Gold price finds footing ahead of Fed
The gold price enjoyed a nice bounce of nearly $13 or 1% an ounce on Friday ahead of a decision by the US Federal Reserve next week on winding down its US monetary stimulus program.
On the Comex division of the New York Mercantile Exchange, gold futures for February delivery traded at $1,237.70 an ounce at the close, up $12.80 from yesterday in light Friday trade.
The Federal Open Market Committee could announce a reduction in purchases under its quantitative easing program that has pumped $4 trillion of easy money into the US economy at its two-day meeting ending on Wednesday.
The Fed has been reviewing QE and is eager to throttle back asset purchases running at $85 billion a month at the first signs of a solid economic recovery in the US; something the data have been supporting recently.

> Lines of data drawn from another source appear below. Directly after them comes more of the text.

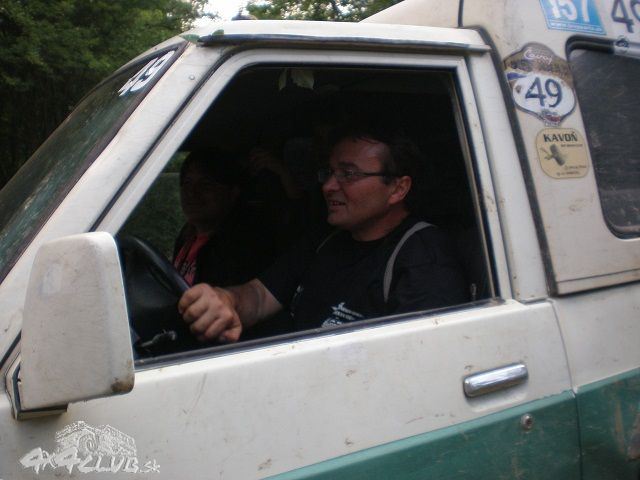 Obrázok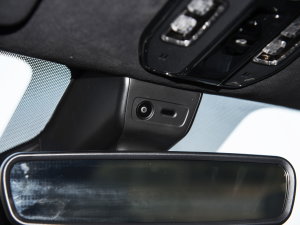 2023ڎϵ 400T ԄŞ п؅^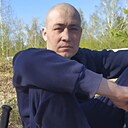 Сергей, 42 года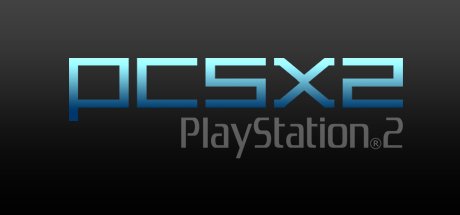 pcsx2-v1. 7. 0-dev-437-windows-x86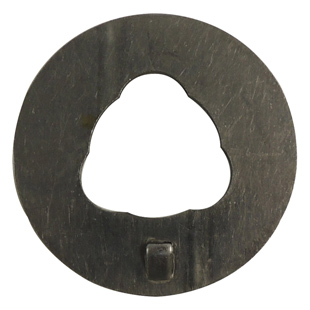 Thrust Washer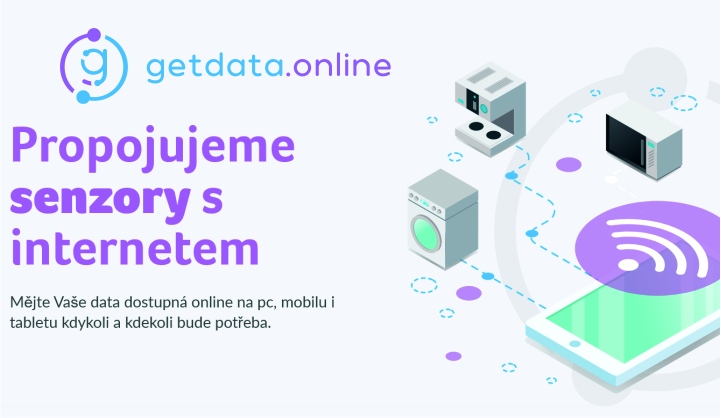 getdata4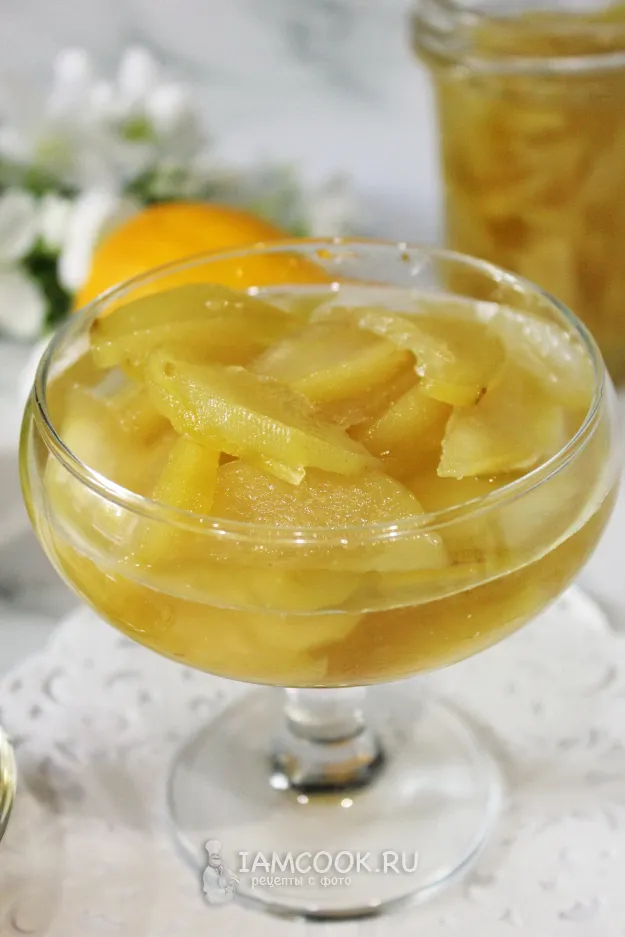 Шаг 12: иллюстрация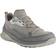 ecco ult-trn waterproof damesko, wild dove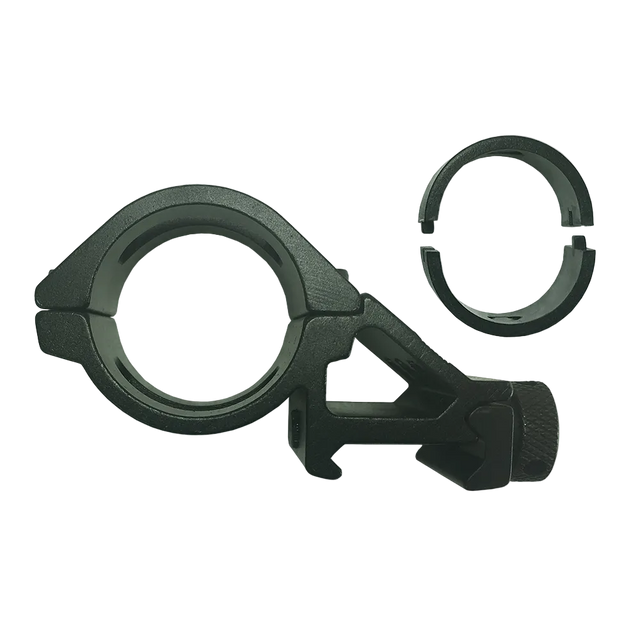 XLR 252 Essentials Package - GREEN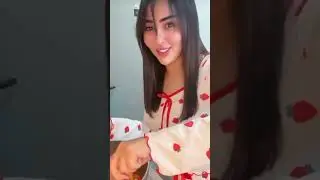 نور وعصام🔥 وماري طلعين على مول نشتري غراض للبيت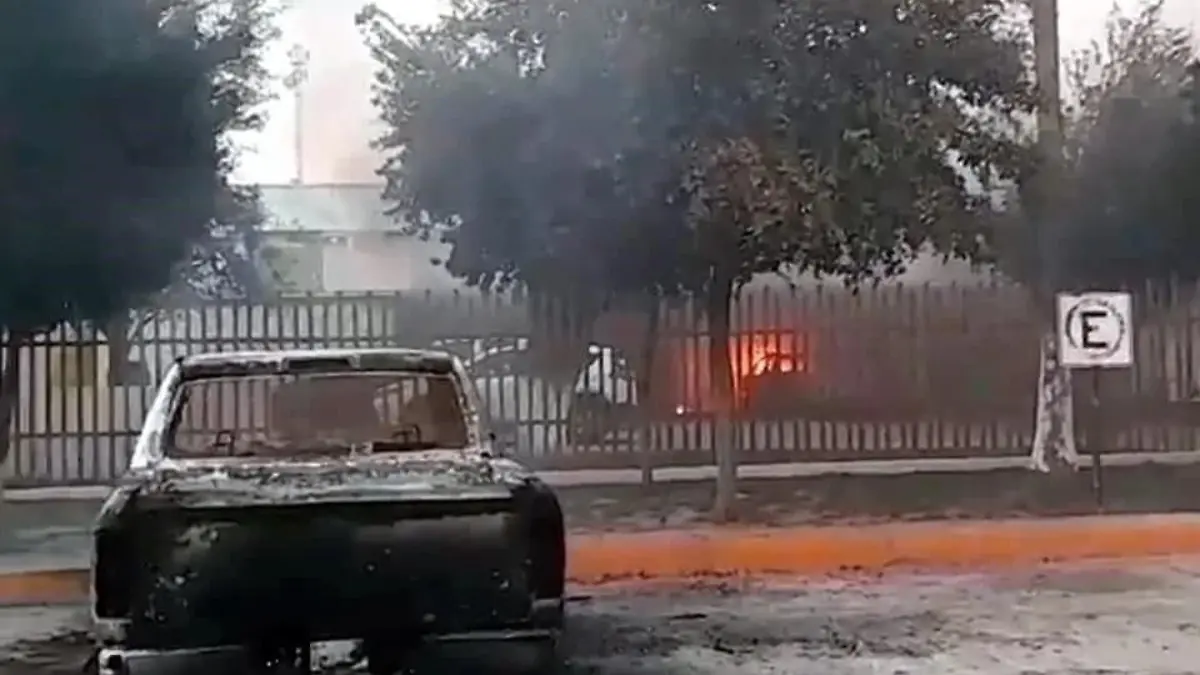 Nuevo León
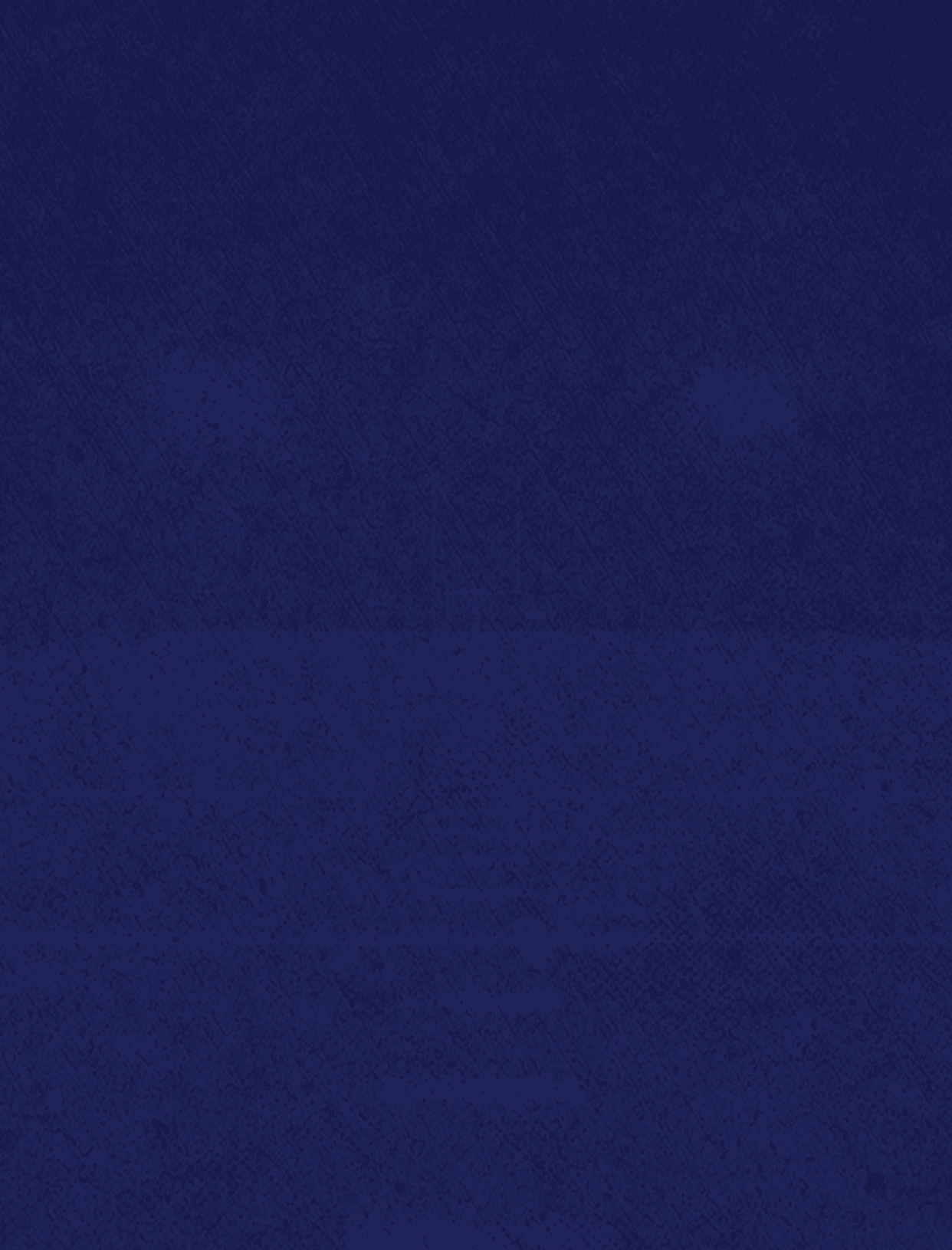 A blue sky with no clouds. Description generated by AI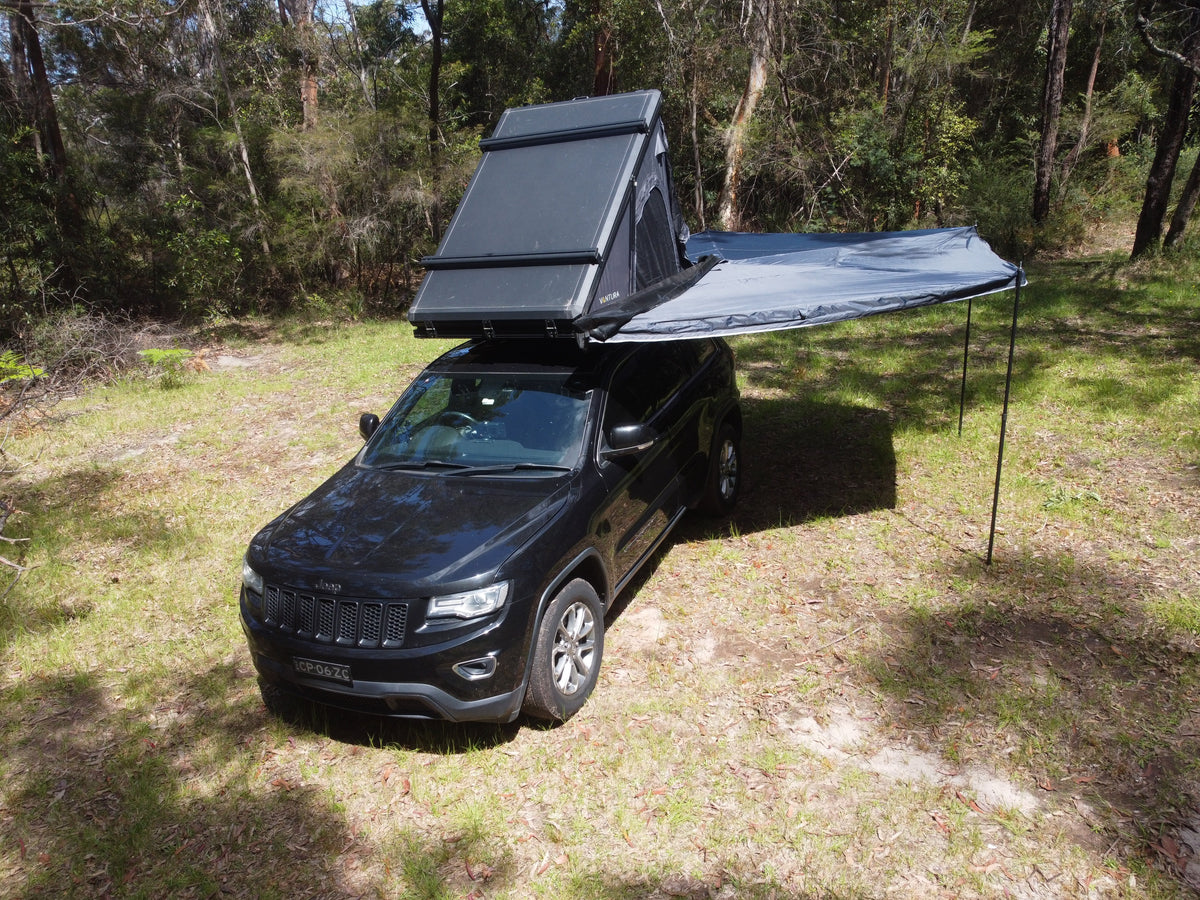 VO 1.4 Rooftop Tent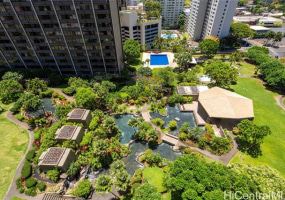 1255 Nuuanu Avenue,Honolulu,Hawaii,96817,1 ベッドルーム ベッドルーム,1 バスルームバスルーム,コンド / タウンハウス,Nuuanu,13,18380610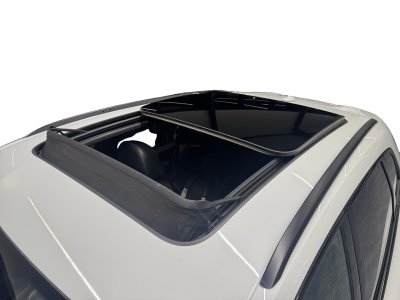 Audi Q5 40 TDI 190 S tronic 7 Quattro S line CAMERA - KEYLESS GO - TOIT OUVRANT - PACK BLACK - HAYON ELEC - VIRTUAL   - 12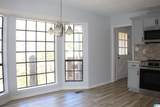 1049 Shelane Circle - Photo 8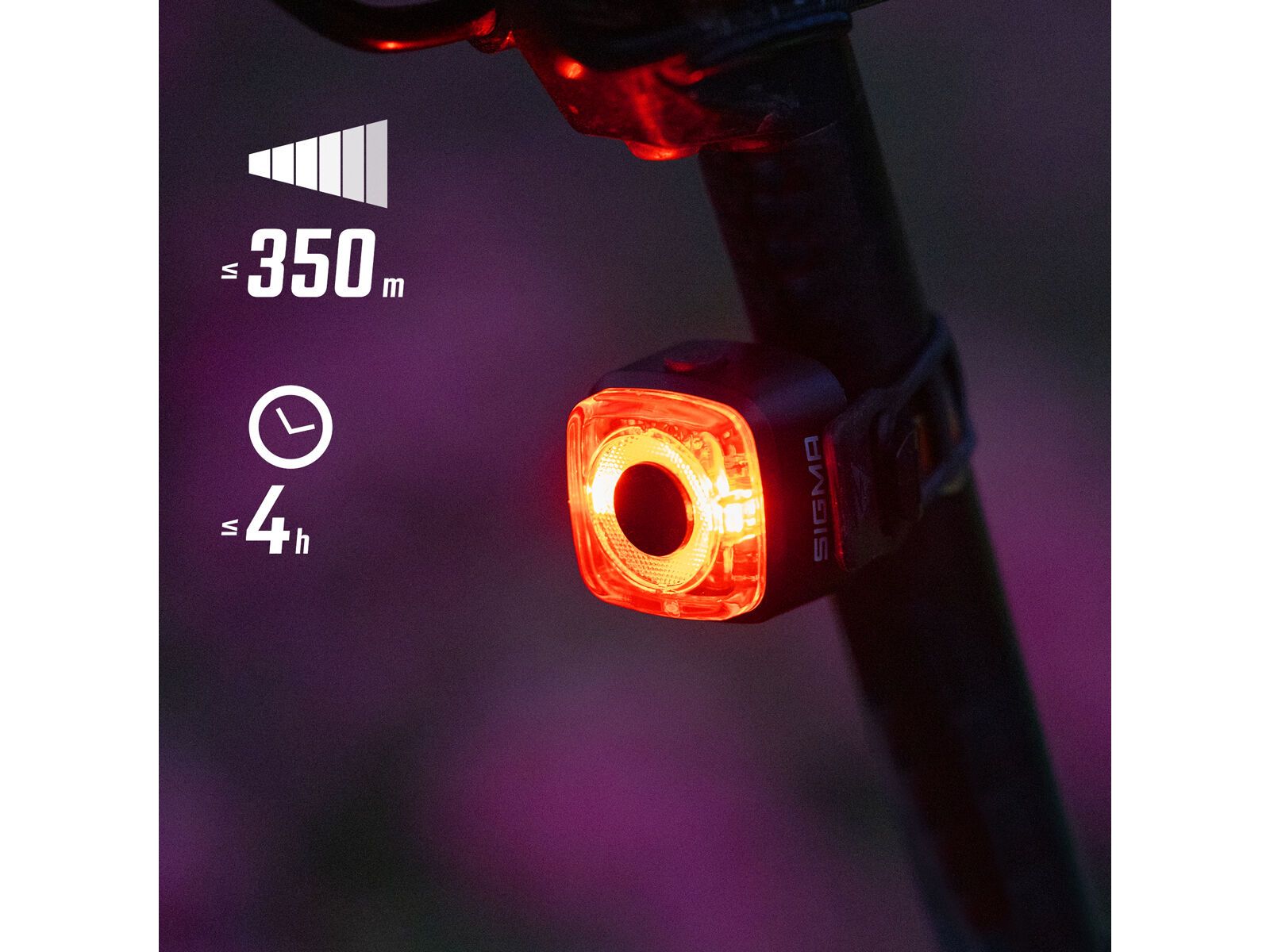 Sigma Aura Micro Set - Bild 7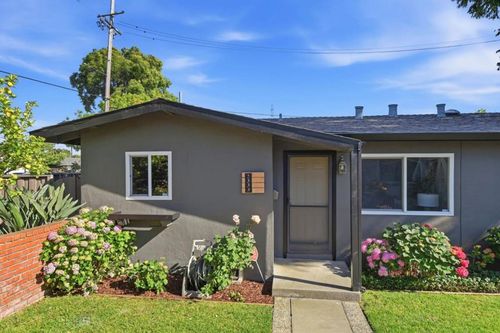 2333 New Jersey Ave, San Jose, CA, 95124-1036 | Card Image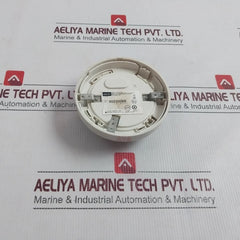 Hochiki Dcd-ae3M Marine Approved Rate Of Rise Heat Detector 9.5-30V Dc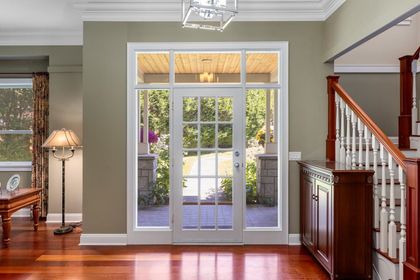 2339-129a-street-elgin-chantrell-south-surrey-white-rock-03 at 2339 129a Street, Elgin Chantrell, South Surrey White Rock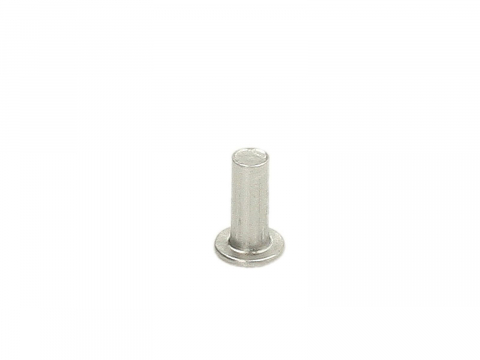 Nit de aluminiu 5X14 mm [1]
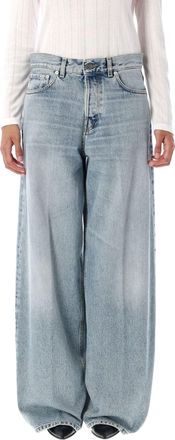 Haikure Bethany Jeans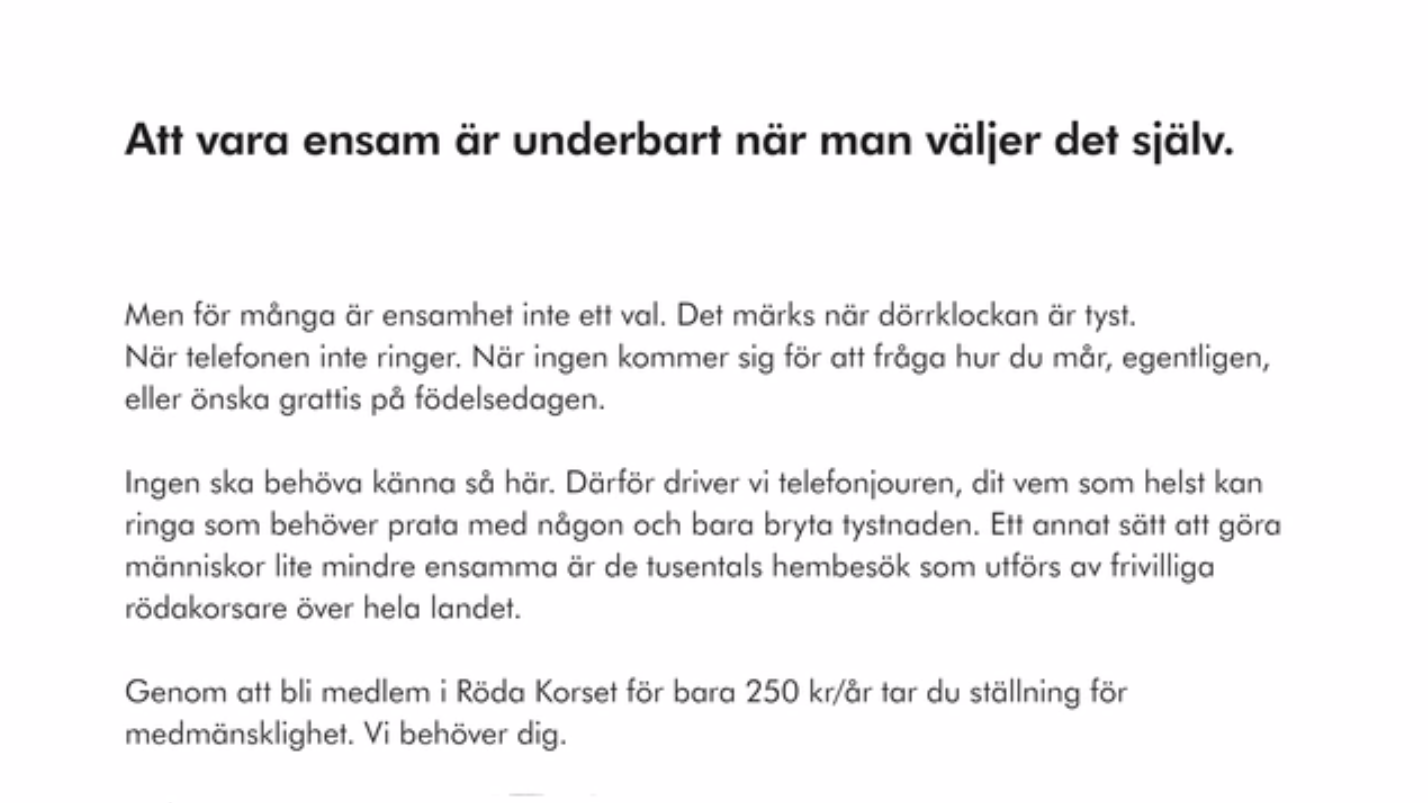 Skärmavbild 2015-03-28 kl. 18.34.04.png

Most observers believe the impact on the gold market of the eventual QE taper announcement would be minimal unless the cuts are much more than anticipated or it hints at a radically different direction for monetary policy, something that is unlikely so near a change of leadership at the central bank.
The dreaded taper has been signposted for months and should now be baked into the gold price.
More damaging to the gold price than a Fed move is the continued dumping of gold-backed ETFs by hedge funds and big money managers.
While physical demand for the metal from Asia is growing the volumes being liquidated in the West have become overwhelming.
The holdings of the world’s largest gold ETF, SPDR Gold Shares (NYSE: GLD) has dropped some 15 tonnes so far this month, falling to the lowest level since January 2009.
GLD has experienced year-to-date outflows of 526 tonnes to 827.6 tonnes, down more than 38% from the start of the year.